Not to step on any shoes..... and I only get this impression because of my experience in the field. I would like to bet that their are few main producers of salt additives, Redmond Minerals and IceBan. Redmond Minerals gave exclusive rights to Envirotech to market their product for the snow industry outside of Utah. I am guessing that everyone can tell me up and down how one is better than the other, but from my research this week they use the same techniques. Mag Chloride to reduce the temperature where salt becomes ineffecitive and some sort of corrosion inhibitor. "Magic" I don't know, but the claims and stated ingredients sound very famillar.

Howard


----------



## nulawndog (Nov 19, 2002)

Call Joe Mahoney at Bare Ground Solutions. He has all the info on liquid products. Also the spec for Colorado DOT recuirments. He has all states and local goverment specs. Also, Joe will give you a contact in Colorado that uses about 1MM gallons of Iceban a year. It's not all the same. 888-800-8356.


----------



## chtucker (Sep 6, 2002)

Thanks for the info! I got quoted .50 a gallon for the same product that CDOT uses (Picked up in Glenwood Springs, Bulk) from the local reps of Iceban that you gave me.


----------



## BRL (Dec 21, 1999)

Very similar... Yet very different.

Take your search a little deeper & I think you will find that there are more than just 2 companies holding patents for their salt treating technologies. And the different patents means they were scientifically able to prove that their methods\materials were measurably different from the other mothods\materials out there.


----------



## chtucker (Sep 6, 2002)

Very true.... I just wised they would all keep the names the same nationallly.. I want peoples actual experience, but sometimes it is hard to tell what they are actually using.

CDOT uses Iceslicer treated salt, and uses Iceban liquid.

They are using Caliber, M90 I think also??? But not real sure who manufactures those?

They vary the chemical based on road temps/humidity and forecast, much more scientific then me.


----------



## hillworks7669 (Dec 19, 2002)

*Caliber*

chtucker

For more info on Caliber log on www.anti-icers.com


----------



## nulawndog (Nov 19, 2002)

BRL
This is very true. There are liquid deicer products out there that have no chemical analysis to support claims. I find you need to follow your State guideline on what product they use. Some will go as far as piggyback other patents. This will keep you out of hot water with DEC, EPA, DEM and others. 

chtucker 
That is a great price.

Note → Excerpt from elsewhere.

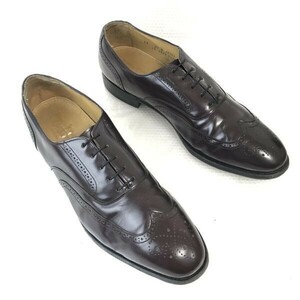 80s-90sビンテージ/USA製☆Johnston & Murphy OPTIMA☆フルブローグ/ウイングチップ【12D/29.0-30.0/茶/BROWN】内羽根/dress shoes◎bE-129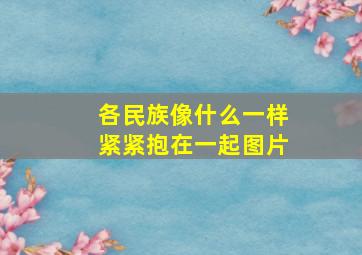 各民族像什么一样紧紧抱在一起图片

I pay a little more for Iceban. not much more. good luck.


----------



## Pelican (Nov 16, 2001)

Howard, you're aware that Magic is a by-product of brewing, aren't you? I'll bet with a little digging, you could find out how it's made and supply yourself with de-icer. How slick would that be?


----------



## chtucker (Sep 6, 2002)

No... I wasn't 


We don't use corn. Just pure malted barley like the commerical says. The liquid we get is what we want (extracting the sugars from the barley). The spent grain we give to a farmer to feed his pigs and cattle.... He stopped giving it to the chickens, they stopped laying eggs when on the spent grain diet. 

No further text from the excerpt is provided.